Cox’s Bazar, Bangladesh
A quiet crisis is unfolding inside the refugee camps of Cox’s Bazar. Measles is spreading among Rohingya children, and health authorities are raising urgent alarm. The World Health Organization confirms the increase is not isolated. It demands immediate, collective response.
A mother watches her child’s fever rise. She believes it will pass. But within days, a deep cough sets in. The eyes redden. Then the rash appears. What began as worry becomes something far more serious. Measles does not announce itself loudly. It moves fast, and it moves quietly.
Measles ranks among the most contagious viral diseases known to medicine. The virus travels through respiratory droplets. In the cramped shelters of Cox’s Bazar, families live inches apart. Children share spaces, share air, and share risk. One infection can become many before any symptom is recognized.
The disease rarely stops at fever and rash. Pneumonia, severe diarrhea, dehydration, and blindness follow in serious cases. Moreover, children under five years face the highest danger. Their immune systems carry the weight of displacement, malnutrition, and constant exposure. Their bodies have little reserve left to fight.
Vaccination remains the single most effective shield against measles. However, significant gaps persist inside the camps. Some children miss scheduled doses. Others fall outside the reach of health workers entirely. Consequently, when coverage breaks down, the virus finds its path. It does not wait. It does not forgive.

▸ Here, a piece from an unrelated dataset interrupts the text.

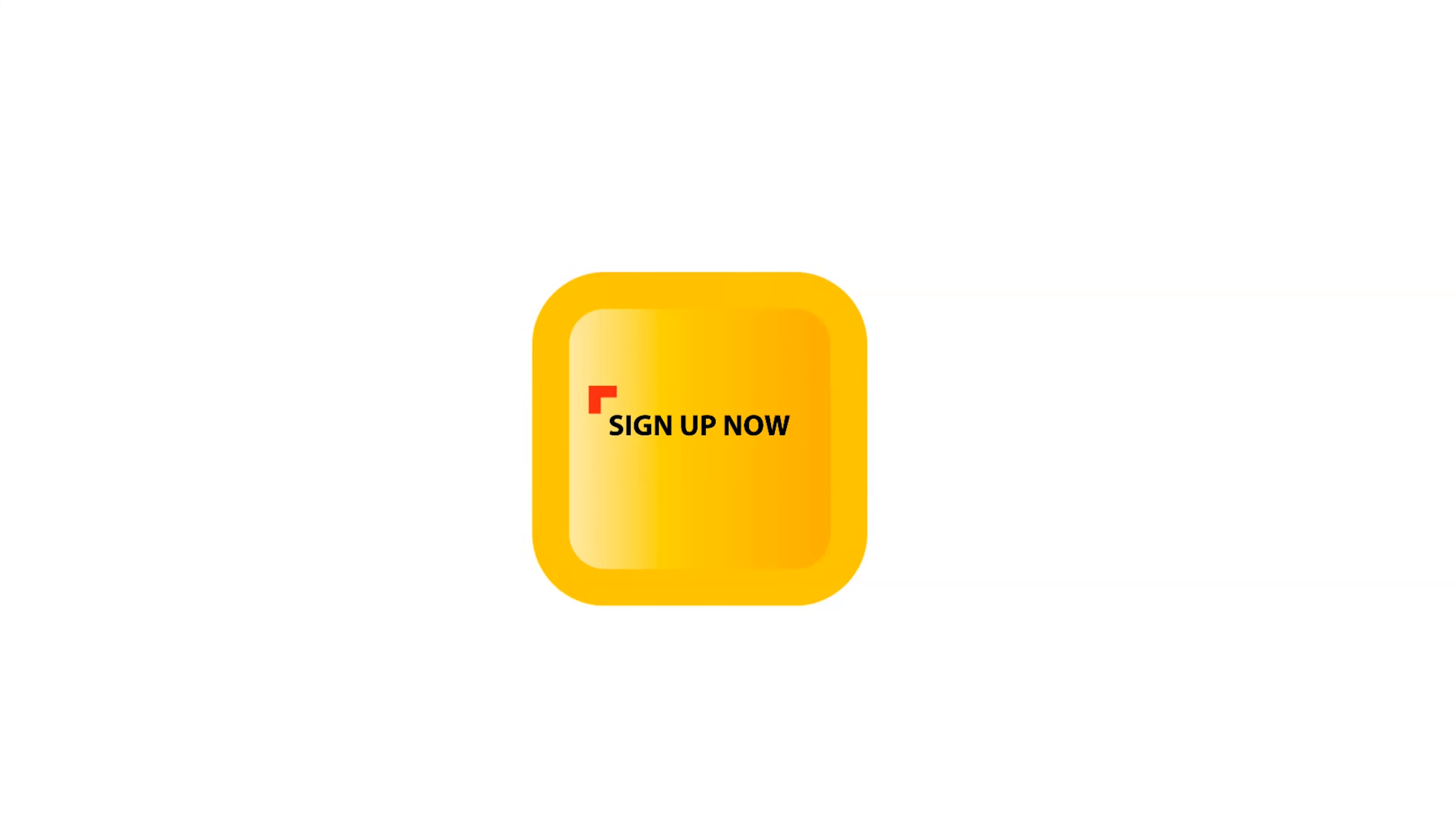Sign up now for the Birchi Customer Portal and start experiencing the power of real-time information at your fingertips.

Early detection can slow the spread. Health workers urge caregivers to act on the first combination of fever, cough, and rash. Isolation of suspected cases is critical. Additionally, timely medical attention reduces the risk of life-threatening complications. Every hour of delay costs more than it saves.

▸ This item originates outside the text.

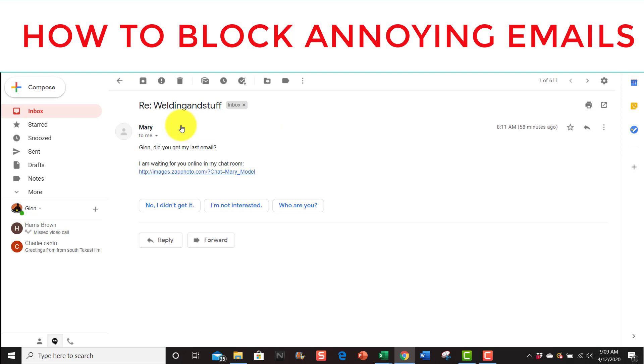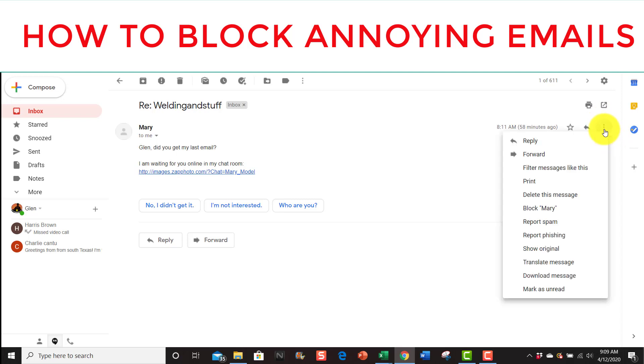You click on it and once you click on it, go here to the far right and you see these three dots. It says more, click on it and go down here. It says block Mary, so you click it.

The challenge runs deeper than medicine alone. Families navigating displacement carry many burdens at once. Distance to health centers feels long when a child is burning with fever. Uncertainty about symptoms leads to waiting. Moreover, trust between communities and health systems takes years to build and moments to break.
Community leaders hold significant responsibility in this moment. Information travels through informal networks inside the camps. Neighbors warn neighbors. Volunteers carry guidance door to door. Strengthening these channels can reach families that health systems alone cannot.

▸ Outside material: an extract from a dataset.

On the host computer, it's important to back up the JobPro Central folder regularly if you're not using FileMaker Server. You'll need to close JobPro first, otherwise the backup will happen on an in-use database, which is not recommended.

Lt. Colonel Md. Zahirul Islam of the Ukhiya Battalion previously highlighted BGB’s commitment to border protection. Similarly, health protection demands the same urgency. The border against disease requires vaccination, awareness, and coordinated action continuously and without interruption.
Rohingya children have already endured genocide, displacement, and deprivation. They arrived at these camps carrying wounds no child should carry. Measles now adds another threat to lives already stretched beyond breaking. Consequently, prevention is not a bureaucratic obligation. It is a moral one.
The rash on a child’s body is a signal. It signals a system under strain. It signals gaps in coverage, barriers in access, and vulnerability compounded by displacement. Moreover, it signals that the window for action is narrow. Every suspected case must be taken seriously. Every unvaccinated child must be reached.
The world has the tools to prevent measles deaths. Vaccines exist. Systems exist. Knowledge exists. What remains required is the will to use them consistently, urgently, and without leaving any child behind.